FEEDBACK - With alcoholism one of the most prevalent problems that disrupt and damage family relationships, the following heartfelt messages are important for me to pass along:
Reader – “I’m just now separated after 38 years with an alcoholic husband and wish I’d sought out Al-Anon years ago. I wish that I’d helped my kids more, too.
“Young people can also do well with the Teen version and find out that they’re not alone.”
Reader - “I split from my alcoholic husband after 14 years. He saw our kids less and less over the years.
“When he did arrange a visit, he arrived very late or cancelled. Weeks went by though he lived 20 minutes away. My son was hurt, but stoic; my daughter was openly wounded, felt rejected and cried often.
“Eventually, they learned he had a terminal illness and died weeks later. They never had a chance to have the talk with him that could’ve started to set them free.”
One of the most harmful effects of alcoholism is the feeling of isolation and rejection for spouses and children who struggle with the chaos and hurt of their family’s “dirty secret.”
I often recommend Al-Anon/Al-Ateen: it’s a proven self-help recovery program for families and friends of alcoholics - whether the alcoholic is still drinking or not. At meetings, or online, people share their experiences, and give each other support.
Al-Anon stresses that it’s not allied with any sect, denomination, political entity, organization or institution.
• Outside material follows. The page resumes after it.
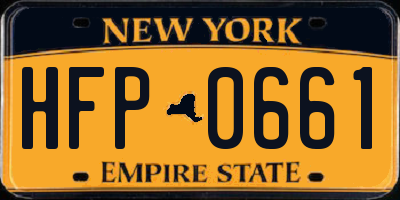 NY license plate HFP0661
There are no dues for membership.
To learn more and find a meeting in your area, go to www.alanon.alateen.org.
I’m separated, but venturing back into the dating world. I lost 100 lbs and look pretty decent. On my Internet dating site, I'm getting lots of attention.
But my body’s been through significant change. I’m in great shape so you’d only know, in an intimate moment, that I was once heavy; even then, you wouldn't know I was SO overweight.
But when I tell a potential or existing boyfriend that I lost 100 lbs, they run. One man blocked my profile, though he’d relentlessly pursued me for a date.
I think it's information any potential partner should have, but when should they be told? I don't want to be seen to be trying to trick anyone into thinking that I always looked the way I do.
I thought that men 40 to 50 would’ve matured. Another man declined to even meet me when he heard about the weight loss! My theory was that those who truly don't care would carry on.
But meantime, it hurts to be turned down. The thought of being months into a relationship and having them then breakup with me because of it would be even harder to take.
- Pretty Sad
You didn’t commit a crime, so there’s no reason to be obsessed with confessing. You showed great courage and determination, of which you can be very proud! Don’t let the few jerks get you down.
Initially, these are strangers online. They can see what you look like now and can learn about your interests. Only when dating has occurred over a few times – in person – should you simply report that you lost a lot of weight and are committed to fitness and healthy nutrition.
The number of pounds needn’t be told for a long time. It apparently brings out the guys who can’t handle anything they fear is “different.”
The right guy will eventually know how hard you’ve worked and he’ll think you’re amazing.
My in-laws visit twice annually, staying three to four weeks. We’re living in their home, "house-sitting" while they’re away.
I want to buy our own home and have full control of decor, furniture, what to use in the kitchen, etc., but my husband says it’s "wasted" money since we live here “free.”
Whenever my mother in-law visits, she changes everything “back" to her way - even using her old mop though I bought a new one. Yet I worry a move will cause resentment from my husband because of the financial stress. He’s open to a move eventually.
- Torn
Some “free” things comes with a huge cost; you need to determine if these eight weeks’ total of in-law visits are tolerable for the benefit of savings, or if you’re feeling too controlled/insecure to bear it.
If possible, an agreed compromise on reasonable timing for your move would hopefully satisfy you both.
Tip of the day:
Alcoholism is an illness/addiction that affects the whole family.